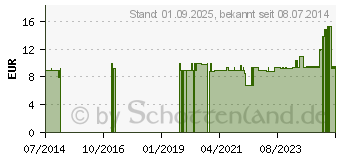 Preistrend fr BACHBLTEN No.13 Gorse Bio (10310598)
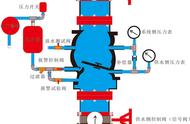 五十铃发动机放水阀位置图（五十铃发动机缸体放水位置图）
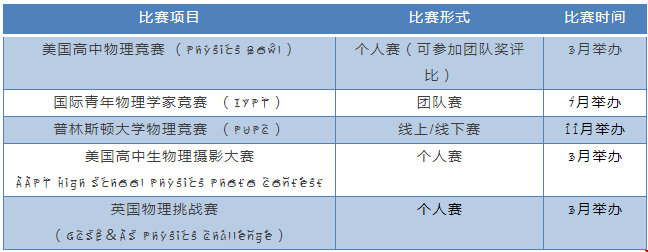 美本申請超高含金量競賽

- _Task goal_
Give back all the material exactly, with no pictures.

- _Written solution_
 Preistrend fr BACHBLTEN No.13 Gorse Bio (10310598)
 五十铃发动机放水阀位置图（五十铃发动机缸体放水位置图）
 美本申請超高含金量競賽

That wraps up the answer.